Up to the mid-thirties Russian Music Publishing had the exclusive right to publish the compositions of Prokofiev — they published his second and third piano concertos, vocal scores of the operas The Gambler, The Love for Three Oranges, the ballets Le Pas d’acier, The Prodigal Son and On the Dniepr, scores of the first three symphonies and many other compositions.
The publishing house continued co-operating actively with Stravinsky and produced a number of his compositions: the opera-oratorio Oedipus Rex, the ballet with singing Pulcinella, the ballets Apollon Musagète and The Fairy’s Kiss, Capriccio for piano with orchestra in three movements, Symphony of Psalms and a whole series of others.
As result of historical events (the troubled years before World War II), the publishing house had to cease its activity. In 1938 it became the property of the British music publishing company Boosey & Hawkes.
In restoring the name of such an authoritative Russian institution, the present-day Russian Music Publishing is not restricting itself to the rehabilitation of the name of its predecessor. The same high principles which were worked out by the Artistic Council of Koussevitzky’s publishing house will undoubtedly be preserved in our time too.
The Publishing House intends to issue compositions in ‘high’ academic genres, with exclusive priority being reserved for Russian classical music.
Attached to Russian Music Publishing is a Council consisting of experts in the field of textual criticism and the preparation of musical compositions for scholarly publications.
The publications’ quality is ensured by modern printing and publishing technology; this matter is of exceptional importance to Russian Music Publishing.
Russian Music Publishing realize its activities worldwide in co-operation with leading western music publishing companies. The fundamental principles established by Koussevitzky’s publishing house thus be maintained at the present time.
But to implement the ideas of our predecessor at the present time exactly, without any changes, would be simply unrealistic: too much has changed since the activities of that publishing house. Besides, strict and rigorous adherence to the very ‘letter’ of Koussevitzky’s publishing house would be more like a mere restoration than a creative development of those ideas within the framework of modern Russian musical culture and the problems it faces now.
In the first place, the present-day Russian Music Publishing sets itself the task of filling those tremendous gaps which have opened up in the study of the Russian musical heritage in relation both to the great classical composers and in the sphere of entire strata of genres. At the same time, Russian Music Publishing is developing a scholarly approach to Critical Complete Editions of the works of Russian classical composers.
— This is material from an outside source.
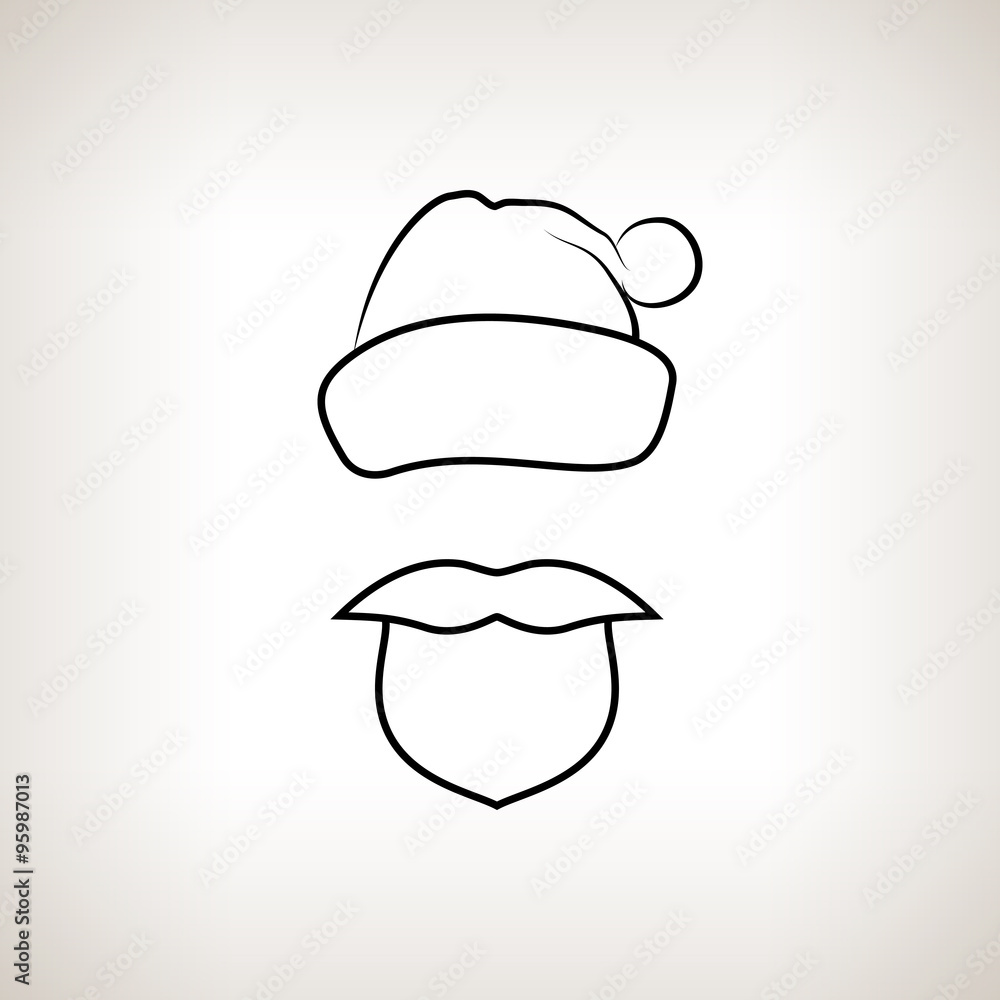 Santa Claus Face ,  Santa Claus  with a Beard, Mustache and Hat with Pompon without a Face,Christmas Decorations, Drawing in Linear Style , Black and White Vector Illustration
It is a well-known fact that there was not even any attempt at such an approach to the artistic legacy of some of them. Even those scholarly publications which have been issued in recent decades cannot withstand criticism from the point of view of either the completeness of the material or the quality of their text-critical treatment. Too many factors — to do with ideology and general outlook of various kinds — were taken into consideration when compositions by Russian composers were being published. These were factors which had nothing to do with the strictly scholarly publication of the texts of musical compositions.
Russian Music Publishing intends also to produce a series of scholarly works devoted to the study of the Russian musical heritage.